Down three, O’Boyle settled into the left corner in transition, received a pass from underneath and buried a corner jumper for the tie with 4.6 seconds left to force that additional five minutes.
“That’s an end-of-game situation, we’ve been practicing that exact situation, that exact play,” O’Boyle said. “Usually we want to go for two in that situation, but you just hope that somebody crashes in on defense, leaving a shooter open.”
As it turned out, American left the wrong shooter open.
“A corner three with a couple seconds and just a little bit of a defensive hand up, you can’t think of a better look than that,” he said. “As soon as he caught it, I knew T.J. (Berger) was going to make the right pass to the corner. Luckily, I made the shot.
“I felt it was going in as soon as I shot it. I kind of love those moments to make those big shots. It’s what you live for.
“I know I made a bunch of them back in high school, but it’s been quite some time since I had to make a big shot like that. It definitely felt good to see that ball go in the hoop.”
After scoring the last five of the first overtime, Lafayette scored the first 10 of the second overtime.
O’Boyle had seven of the points in the 15-0 run.
His four-point play – a 3-pointer from the right corner while drawing a foul shot that he hit – opened a 72-66 lead with 2:35 left.
“The four-point play in the corner, that’s his specialty here,” McGarvey said.
It comes from having a shot that’s difficult to block.
“Over the past four years I’ve had so many because when I shoot the ball, I shoot behind my head and I jump forward,” O’Boyle said. “You can’t block my shot, so when they try to block it, I jump right into them.
“ … It was the second overtime, so we were trying not to force anything and just get good looks. That was a perfect situation, baseline and kicked it out to corner, another great look.
“Luckily, they called the foul.

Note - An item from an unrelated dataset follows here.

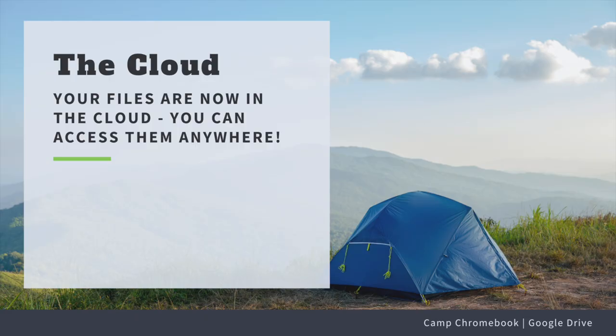Tip four, accessing files anywhere. One of the coolest things about Google Drive is that you can access files from anywhere. It's like having a magic map that works on any device. Whether you're at home, school, or even on a camping trip, your files are just a click away.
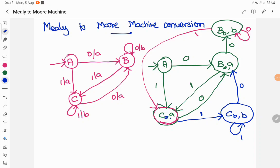Now check for all possible transitions. A on 0 and 1, B on 0 and 1, BB on 0 and 1, CA on 0 and 1, CB on 0 and 1 — we found all transitions. When converting a Moore machine to a Mealy machine, the number of states remains as it is because the transition will have the output printed. But when converting a Mealy machine to a Moore machine, the number of states increases.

It’s a rarity nowadays in college because they’re focusing so much on flops. I’m glad they gave me that one.”
O’Boyle has another year of eligibility because of COVID rules in the NCAA and has been in the Transfer Portal since early in the season. After graduating with a government law degree in the spring, the 6-foot-7 forward will head elsewhere with plans to play another season while pursuing post-graduate studies that are not available at Lafayette.
For now, O’Boyle will try to keep extending his Lafayette career into college sports’ biggest event.
“I’m playing every game right now like it’s my last,” he said. “I don’t want this to be over just yet.”
Lafayette, predicted to finish last in a preseason poll of coaches in the 10-team league, would need to avenge 69-57 and 73-69 losses to continue its season into the Big Dance. Sixth-place Lafayette went 7-11 in the Patriot League while Colgate was the regular-season champ at 17-1.
“Our offenses are pretty much the exact same,” O’Boyle said. “We run the same system.
“When we match up, they know what we’re running; we know what they’re running. It’s not really about watching film at this point. It’s really about going out there knowing what we’ve got to do and getting the job done.
“They’re a great team and have been a great team for many years.”